ますます銀行は時代の変化を察知し、適応する知的生命体にならなければならない。アフターコロナの世界で銀行は、社会課題の解決を通じて、持続可能な社会づくりに貢献しながら安定的な収益を上げる金融機能を持った、知的創造企業になることが望まれる。
金融危機からの約20年で、金融機関の過大な資産規模や体力を支えるための収益を失ったことがリスクになった。資金運用では収益管理やリスク管理が追いついておらず、店舗戦略や商品、サービス、人材育成なども時代遅れになっている。
そうした時代遅れのビジネスモデルにおいては、自己資本比率の低下が明確になってから金融庁が動き出す早期是正措置では遅い。そこで見直されたのが早期警戒制度だ。もともとは主要行の不良債権問題を解決するために、「収益性」「安定性」「資金繰り」の観点から改善が必要と判断されたところに業務改善命令を出す仕組みである。
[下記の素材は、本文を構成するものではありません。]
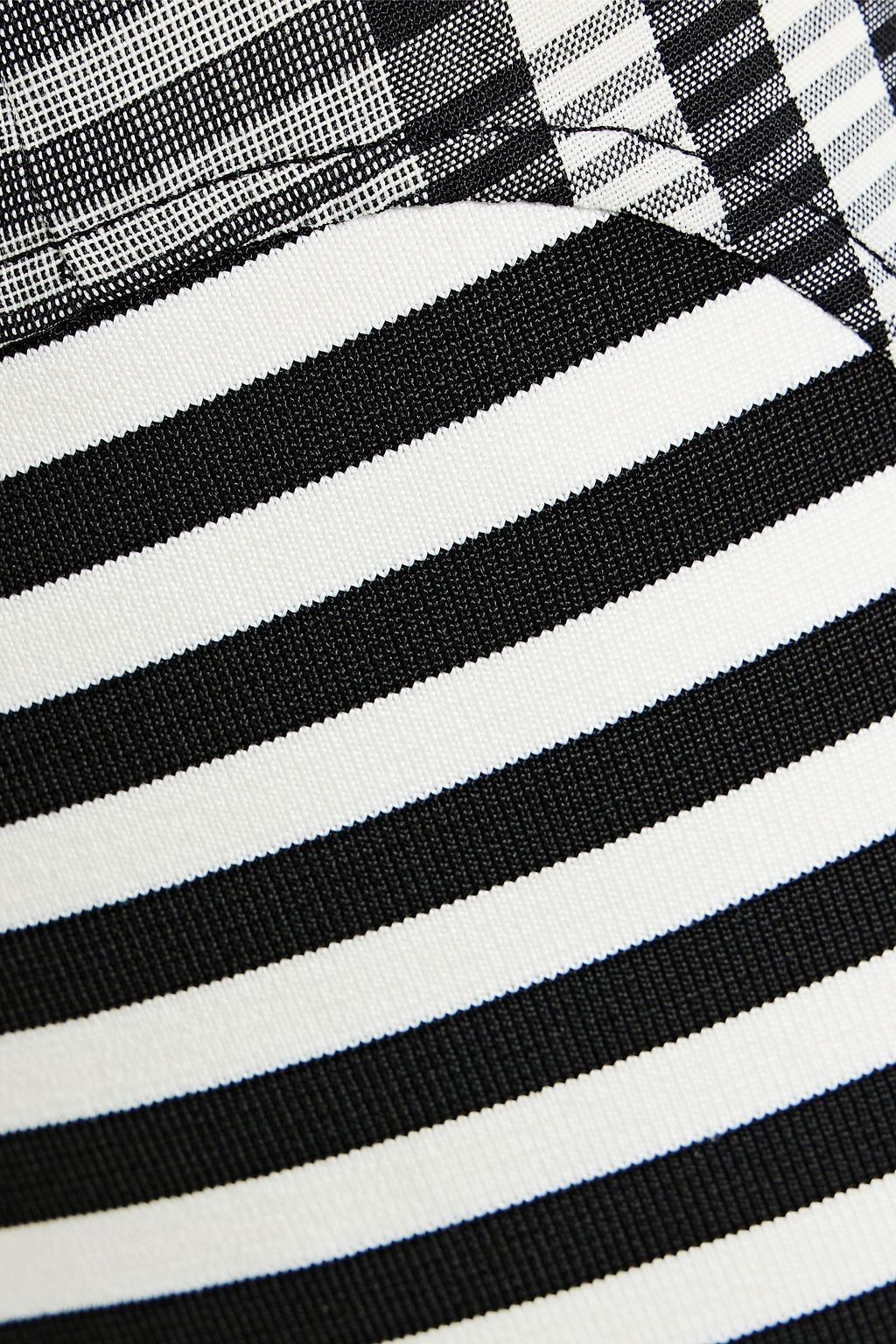 BURBERRY Knit-paneled checked jacquard mini skirt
これが、「持続可能な収益性と将来にわたる健全性」を強調する内容に改訂された。株主だけでなく利害関係者全体の利益を考える「ステークホルダー資本主義」が重視され、利益の質も問うものとなっている。
ここでは、経営陣が時間軸を意識した実現可能性のある経営戦略・計画を作成し、実行しているかに着眼している。改善が必要な場合は経営トップとの探求型対話を先に行い、自助努力を促す。それでも疑念を払拭できなければ立ち入り検査に及ぶ。
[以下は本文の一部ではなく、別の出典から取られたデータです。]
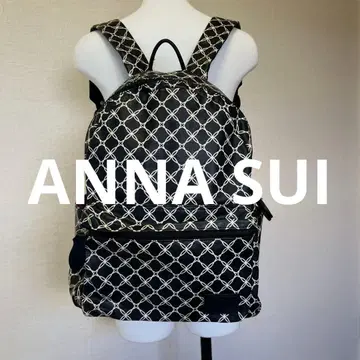 미사용품 ANNA SUI 안나수이 기하학 패턴 백팩 블랙 화이트
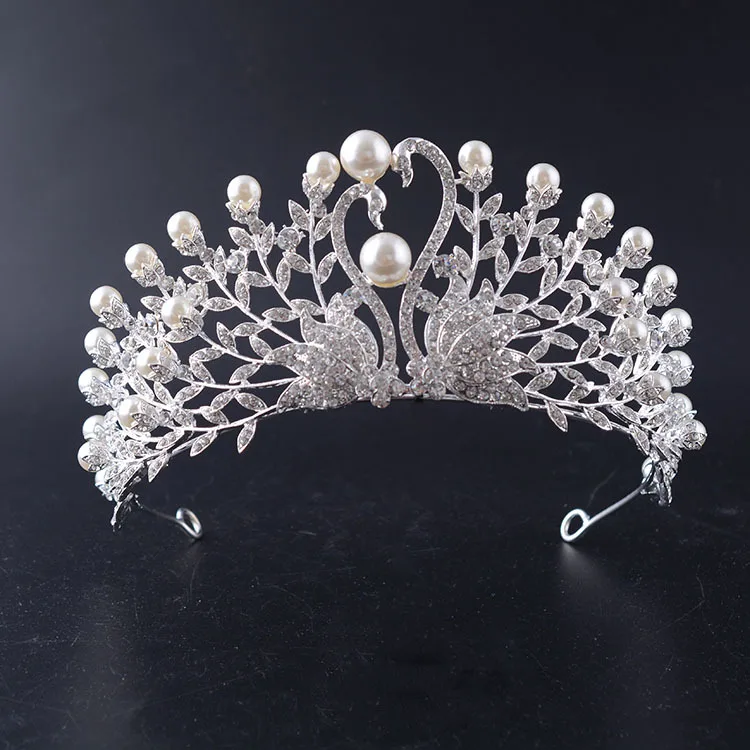 Moda pérola Tiaras Crown para a Noiva de cristal folhas ramos estilo festa de Casamento mulheres jóias cabelo acessórios para o Cabelo (2)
しかし、持続可能性がどうしても見通せない地銀があるとしたら、それを処分するだけでは意味がない。上場会社であることの妥当性も含めて、抜本的な地銀のあり方を再検討する時期が来ているといえる。早期警戒制度だけで地域金融機関の持続可能性が解決することはありえない。銀行を信金にくらがえさせる、信金に吸収させるといった業態転換の法整備も含めた、ニューノーマルな解決策が必要だ。
地域金融の合併に対して、何か地域の問題をすべて解決してくれるかのような甘い期待を抱いているとしたらとんでもない誤解だ。合併によって国内業務で革新的に成功した銀行モデルはまだ現れていない。多くの合併銀行には、合併前の銀行同士の対立や駆け引き、決して混じり合わない組織文化が散見される。元金融庁長官の森信親氏は、「金融機関が合併、統合した場合は、新しいビジネスモデルをつくりださなければならない」と述べた。
実際には社内政治が優先され、新しいビジネスモデルはなかなか創造されない。